Your first idea doesn't make much sense to me - it looks like you've gotten turned around in your thinking. In the question you posed in your title, you are not assuming $f$ is computable and attempting to determine what effect the non-increasing/non-decreasing requirement has. You're taking a function $f$ which is non-increasing or non-decreasing and attempting to determine whether it is computable. So you can't assume you already have an algorithm for $f$.

In (a) and (b), all you've shown is that a bijective function (regardless of computability) that is nondecreasing or nonincreasing must be strictly increasing (as long as it's total, which is to say that $f$ is defined on all $n \in \mathbb{N}$). Your argument doesn't say anything about computability.

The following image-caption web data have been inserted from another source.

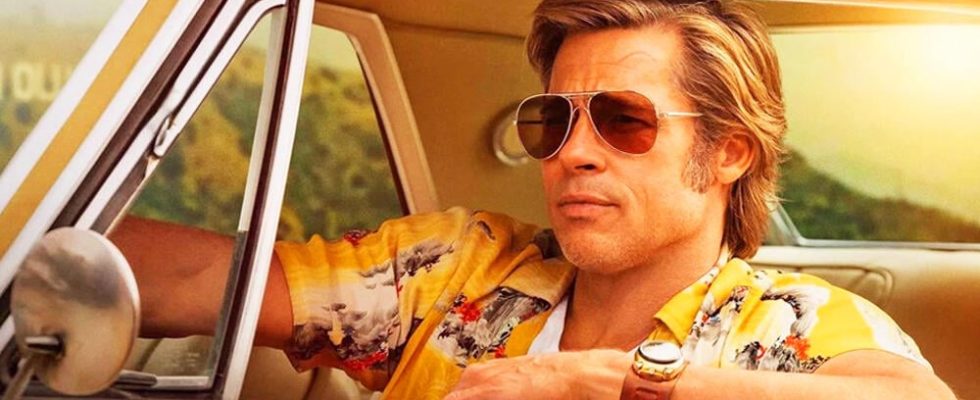 New film completely canceled Brad Pitt should return as Cliff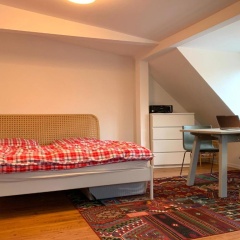 Hinterhaus Apartment No1 - Bild 3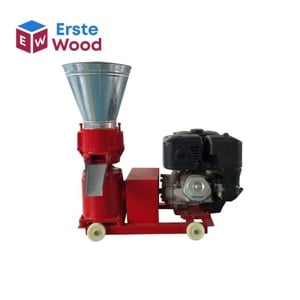 Granulator, masina de facut peleti, paletizator EW-600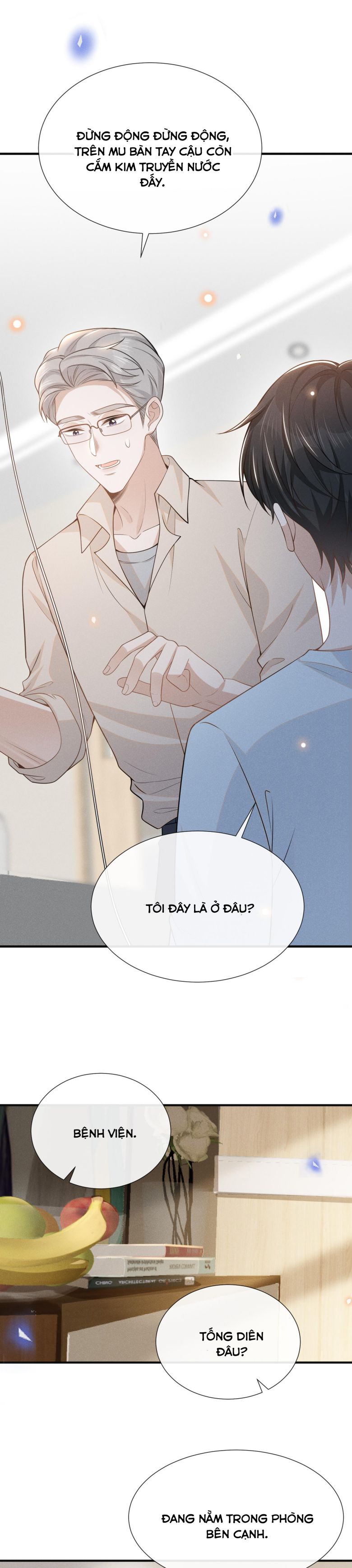 Lai Sinh Bất Kiến Chapter 89 - Trang 4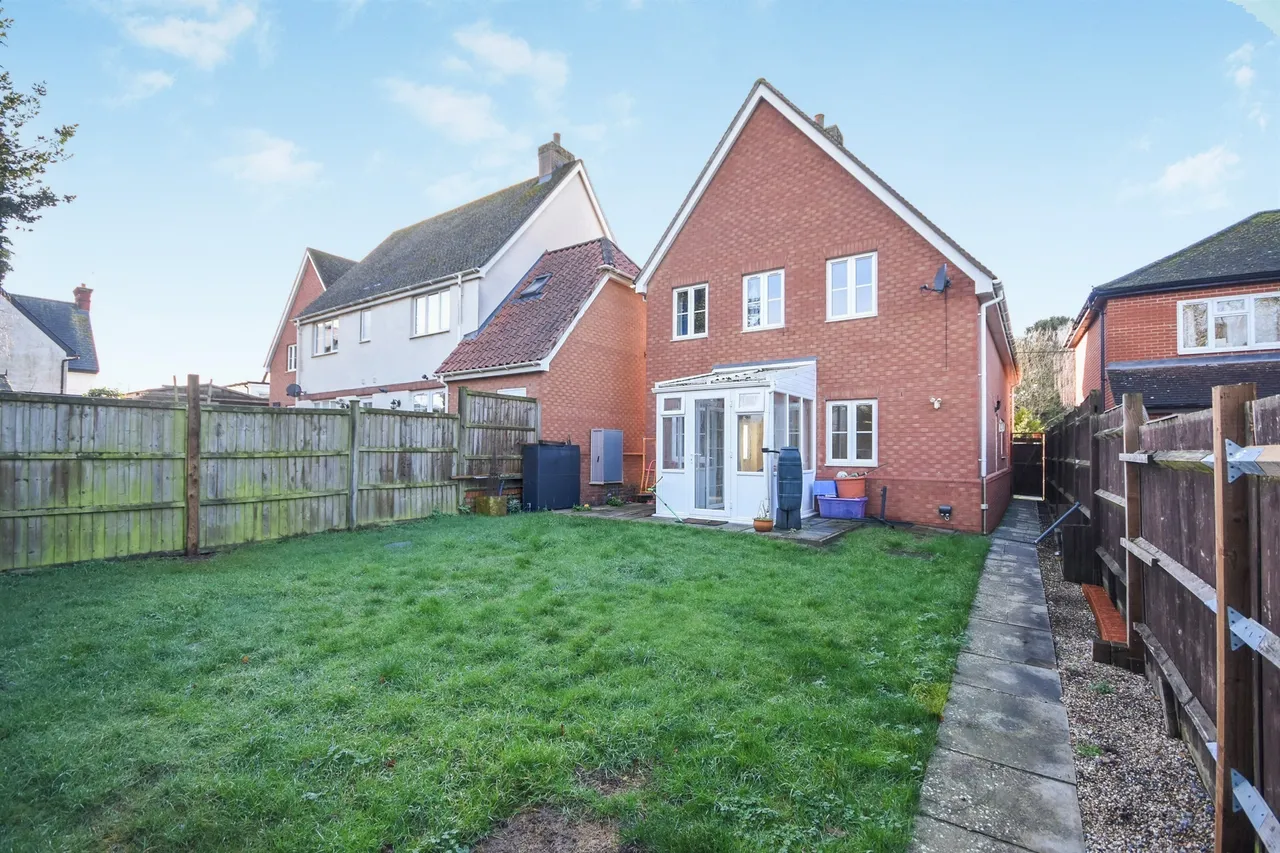 Valley Road, Braintree, CM7, photo 19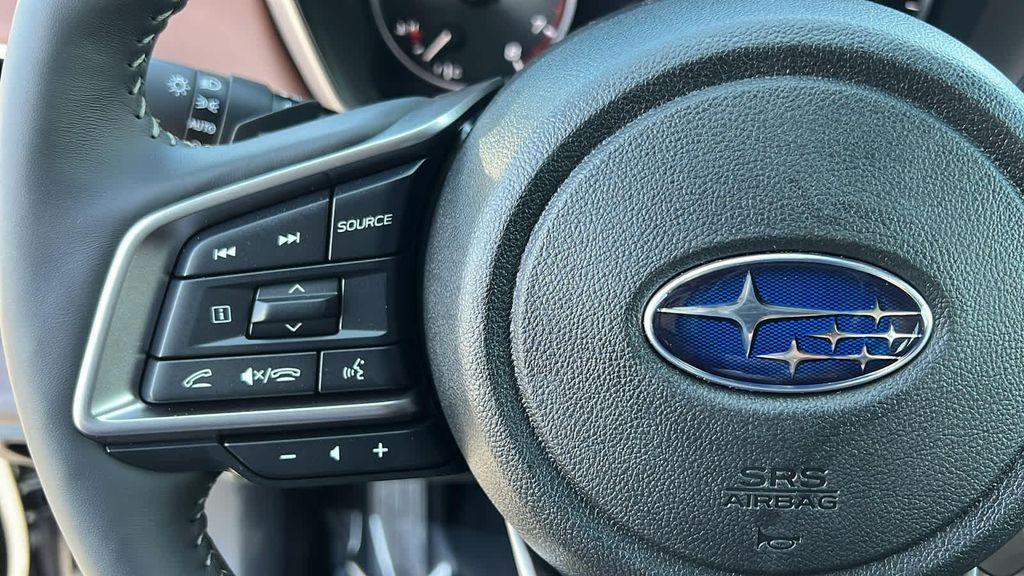 new 2025 Subaru Outback car, priced at $44,212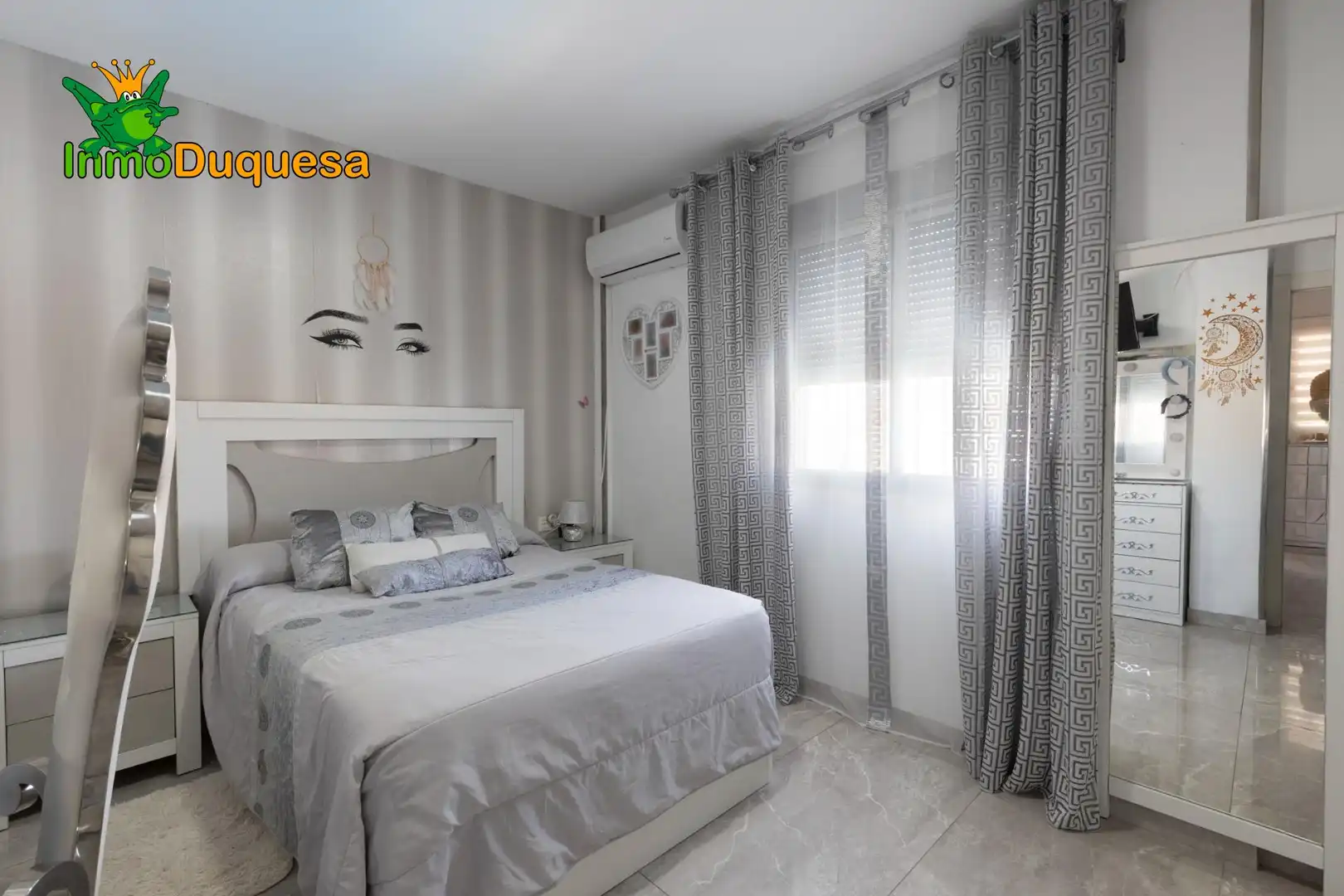 Habitación de Casa o chalet en venta en Láchar con Aire acondicionado, Calefacción y Piscina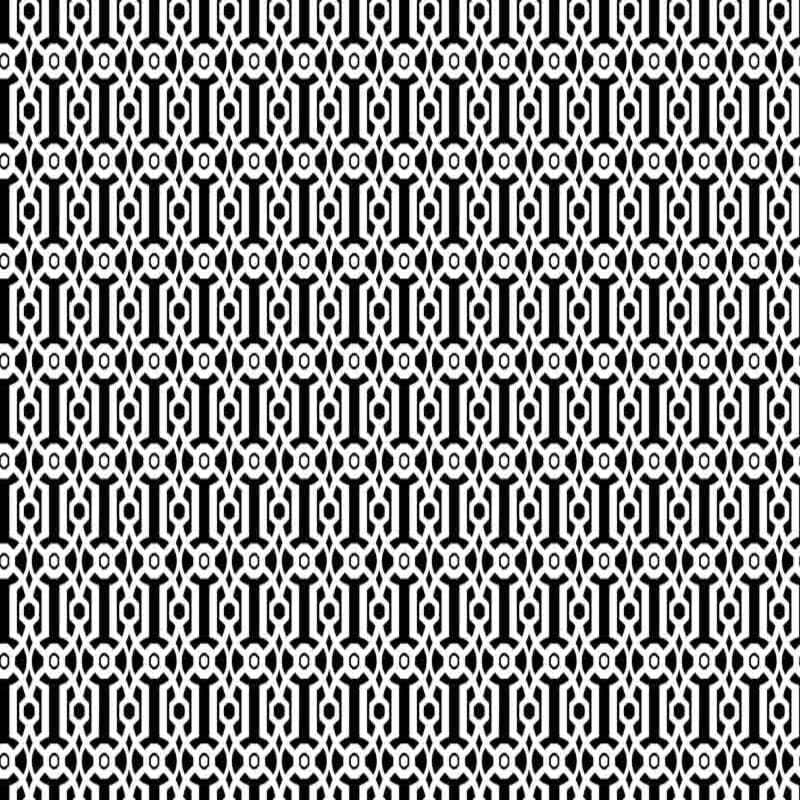 Pattern design geometric classic - Patterntag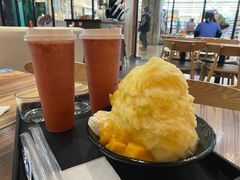 -Ice Monster冰馆·CNN评选全球十大甜品(国贸商城店)
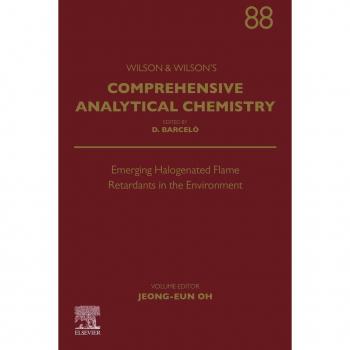 Vitalsource Technologies, Inc. Emerging Halogenated Flame Retardants In The Environment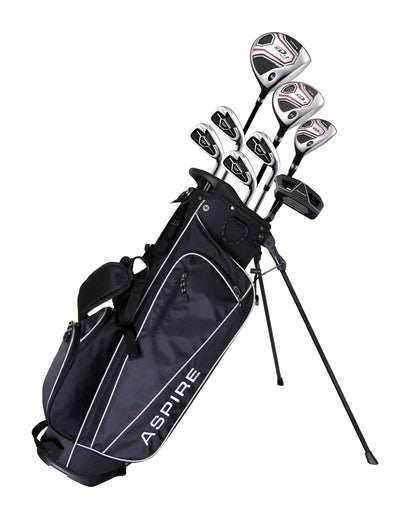 Aspire XD1 Teen Complete Golf Club Set – Ages 13–16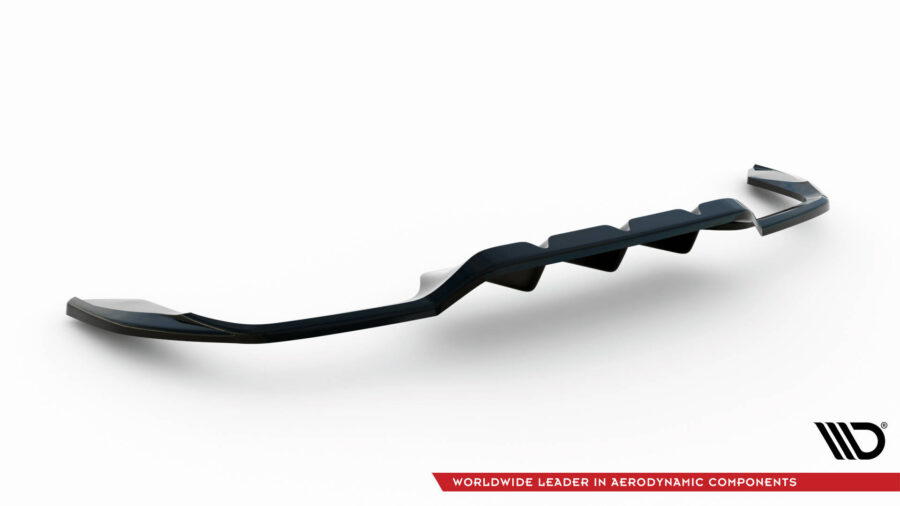 Diffuser Cupra Leon Hatchback Mk1 – bilde 4 av 5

There are plenty of noncomputable strictly-increasing functions; for example, let $f(n)$ be the smallest number $N$ so that $N > f(m)$ for all $m < n$ and every program indexed by a number $<n$ halts in fewer than $N$ stages if it ever will halt. In fact, in a precise sense, "most" strictly-increasing functions are not computable.

However, your argument actually tells you something important about non-increasing functions. As you observe, a non-increasing function has to be eventually constant. That means that if $f$ is non-increasing, it only carries finitely much information: a bunch of values before it stabilizes, and then what number it stays constant at. You can turn this into an algorithm for computing $f$.